COLLECTED MATERIAL
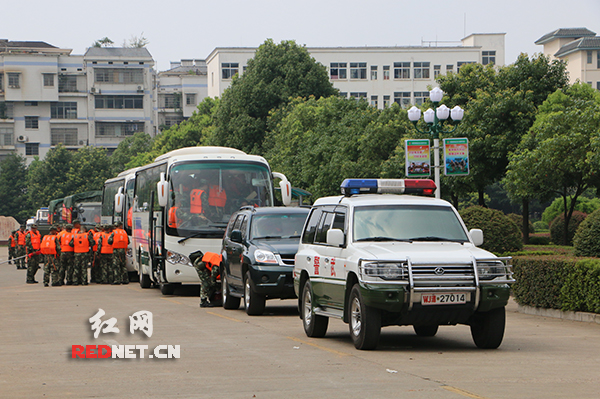 武警湘潭支队驰援沅江市 百余官兵耗时220分钟(图)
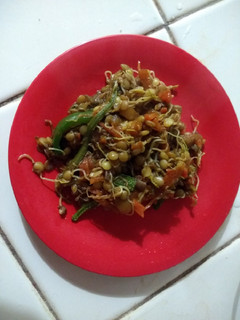 Una foto de Chop suey de germen de lentejas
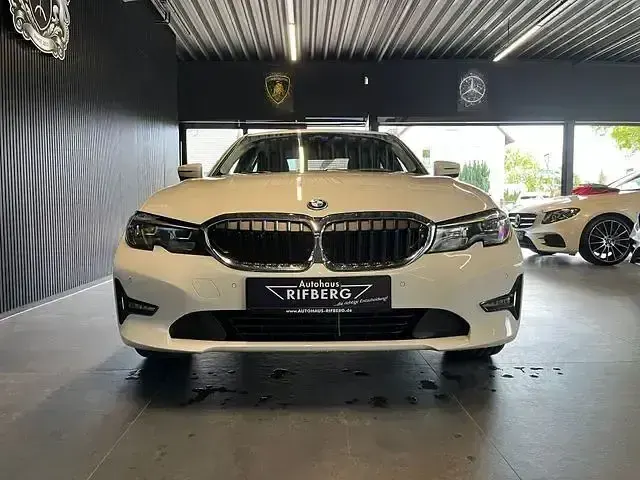 Gebraucht BMW 320e Performance 204 PS (150 kW) 2022 Alpinweiss iii Limousine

TASK INSTRUCTIONS
Reproduce all the material exactly, omitting images.

ANSWER SECTION
 武警湘潭支队驰援沅江市 百余官兵耗时220分钟(图)
 Una foto de Chop suey de germen de lentejas
 Gebraucht BMW 320e Performance 204 PS (150 kW) 2022 Alpinweiss iii Limousine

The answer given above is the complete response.